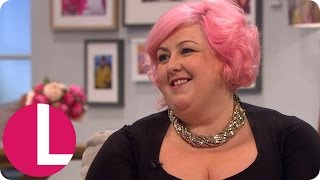 Michelle McManus On Life After Pop Idol | Lorraine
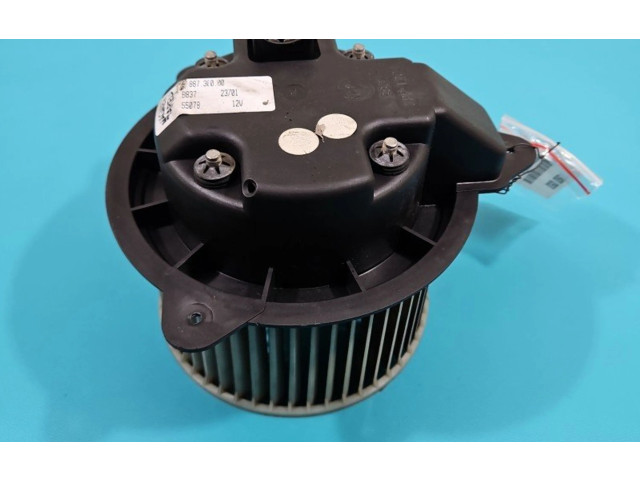 Вентилятор печки 588730000, IMPRK1393053 Lancia Lybra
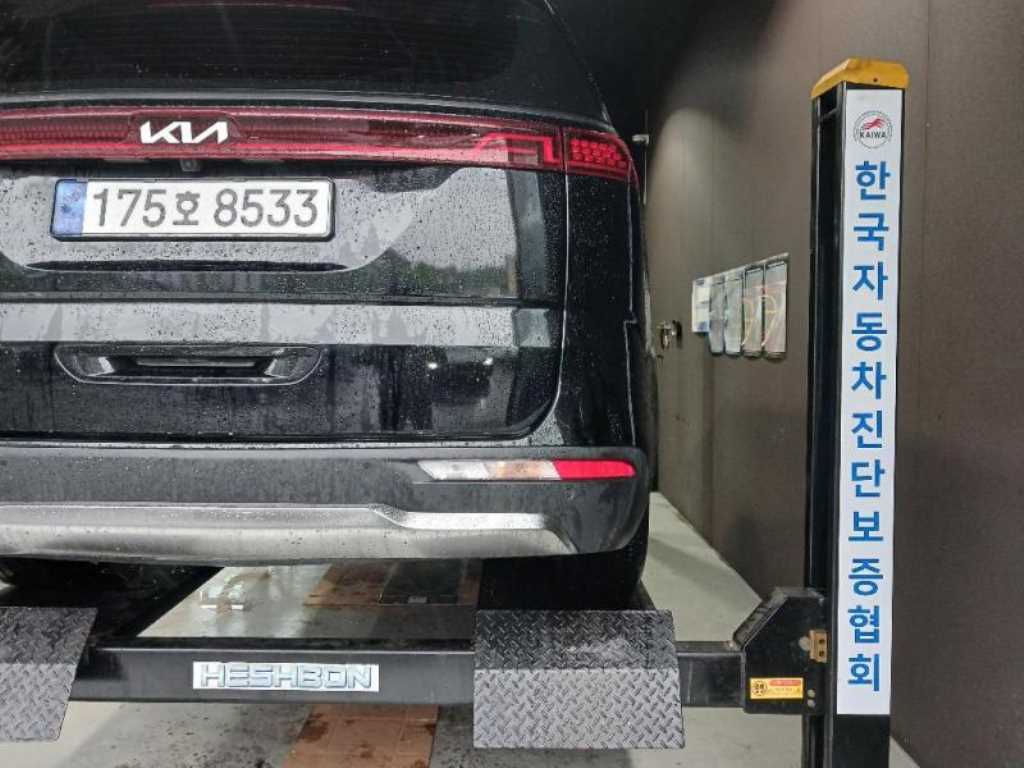 KIA Carnival - Vista 2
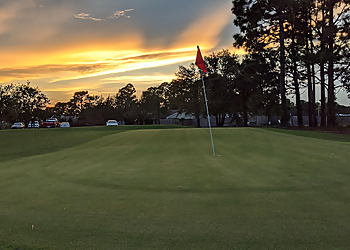 Wilmington Golf Courses Inland Greens Park & Golf Course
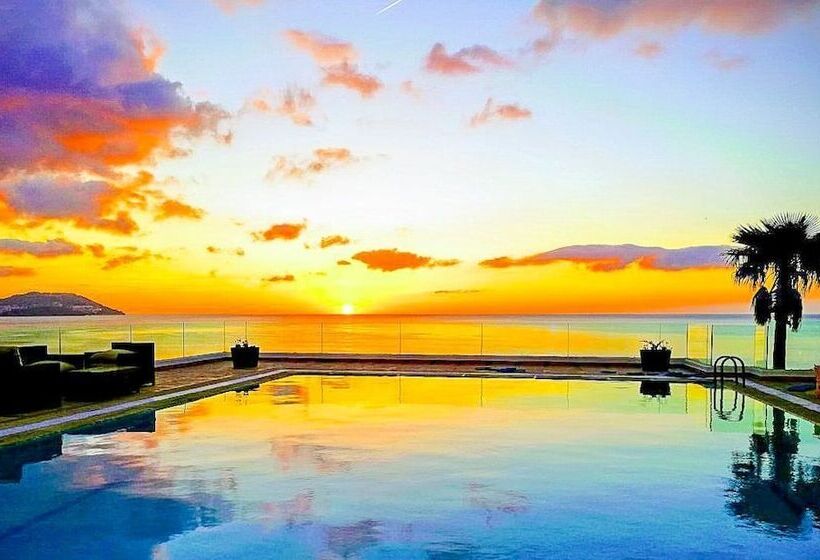 Senator Hotel Fnideq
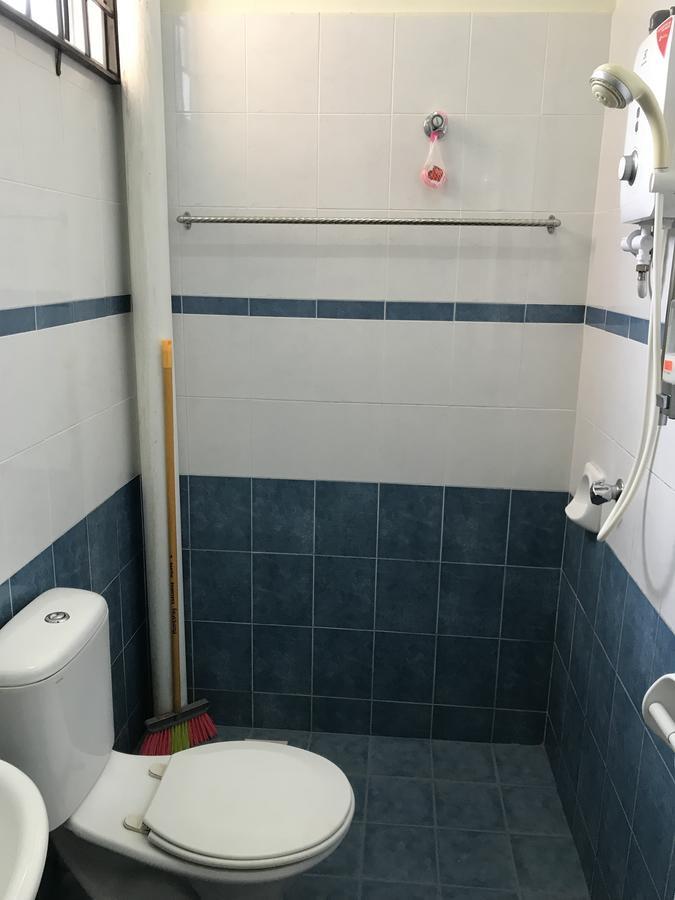 Homestay Melaka Executive Zewnętrze zdjęcie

———

> [EXERCISE DIRECTIONS]: For each entry, repeat its text exactly and leave out any picture it holds.

> [EXERCISE ANSWER]:
 Michelle McManus On Life After Pop Idol | Lorraine
 Вентилятор печки 588730000, IMPRK1393053 Lancia Lybra
 KIA Carnival - Vista 2
 Wilmington Golf Courses Inland Greens Park & Golf Course
 Senator Hotel Fnideq
 Homestay Melaka Executive Zewnętrze zdjęcie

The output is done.